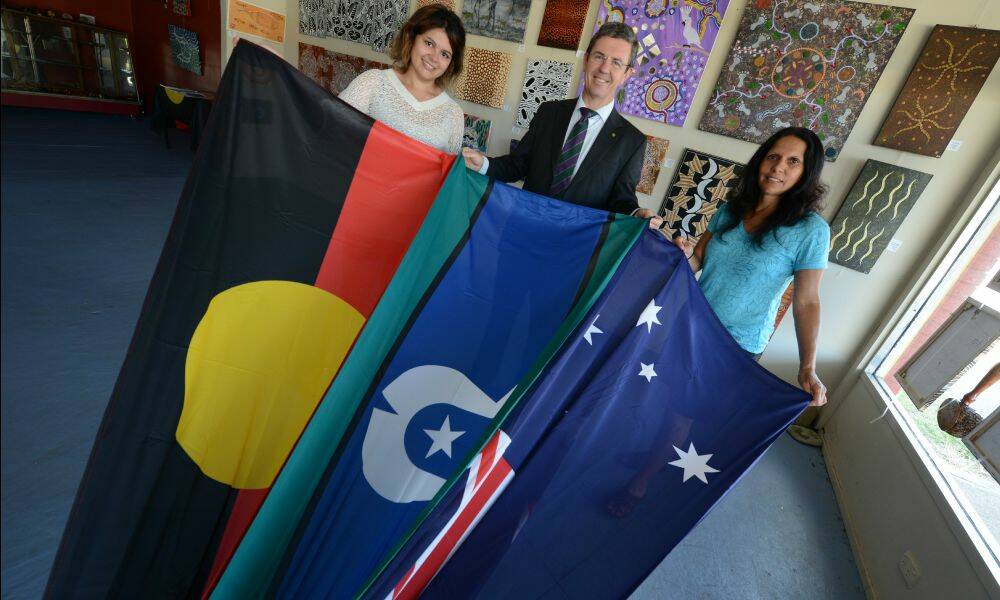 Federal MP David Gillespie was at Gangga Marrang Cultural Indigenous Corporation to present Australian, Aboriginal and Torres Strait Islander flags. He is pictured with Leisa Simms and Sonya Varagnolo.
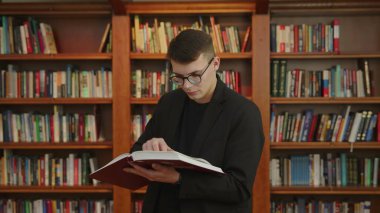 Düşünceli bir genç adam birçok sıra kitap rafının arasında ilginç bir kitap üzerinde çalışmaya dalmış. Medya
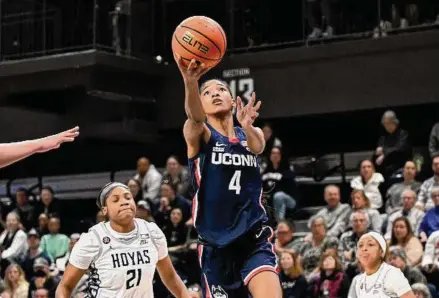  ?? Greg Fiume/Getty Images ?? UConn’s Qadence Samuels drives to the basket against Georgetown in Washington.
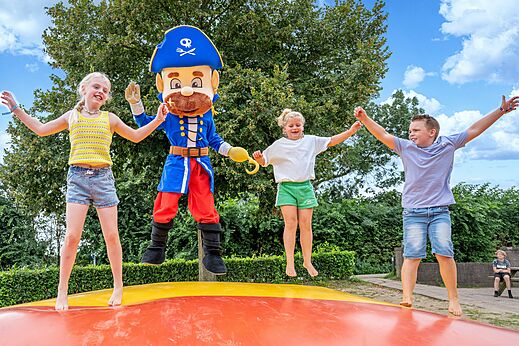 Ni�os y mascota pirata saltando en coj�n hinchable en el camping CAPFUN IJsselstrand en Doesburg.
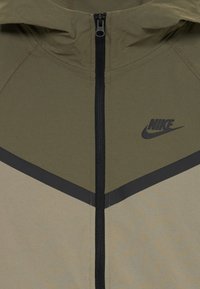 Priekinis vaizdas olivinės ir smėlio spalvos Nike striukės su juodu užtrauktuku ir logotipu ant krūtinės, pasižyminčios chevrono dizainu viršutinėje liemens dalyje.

==

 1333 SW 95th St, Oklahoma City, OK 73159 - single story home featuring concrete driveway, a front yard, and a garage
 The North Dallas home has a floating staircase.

---

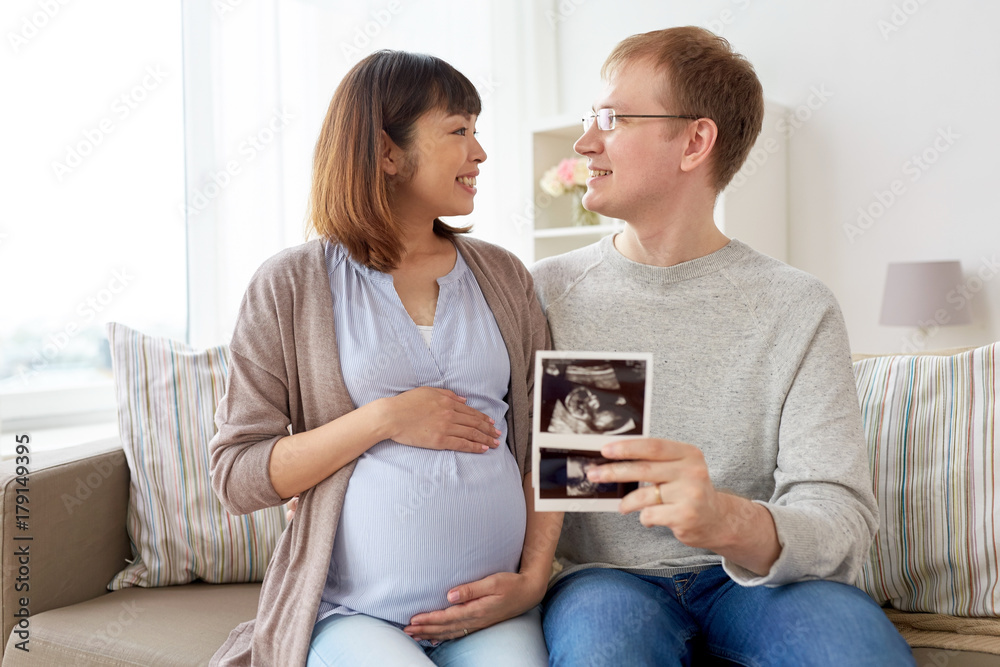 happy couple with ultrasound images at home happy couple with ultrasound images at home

▶ **Directions**
Within the listing above, write out the stretch from the line with "Georgetown in Washington." through the line with "Priekinis vaizdas olivinės" exactly. Any pictures are to be left out.

▶ **Problem solution**
  ?? Greg Fiume/Getty Images ?? UConn’s Qadence Samuels drives to the basket against Georgetown in Washington.
 Ni�os y mascota pirata saltando en coj�n hinchable en el camping CAPFUN IJsselstrand en Doesburg.
 Priekinis vaizdas olivinės ir smėlio spalvos Nike striukės su juodu užtrauktuku ir logotipu ant krūtinės, pasižyminčios chevrono dizainu viršutinėje liemens dalyje.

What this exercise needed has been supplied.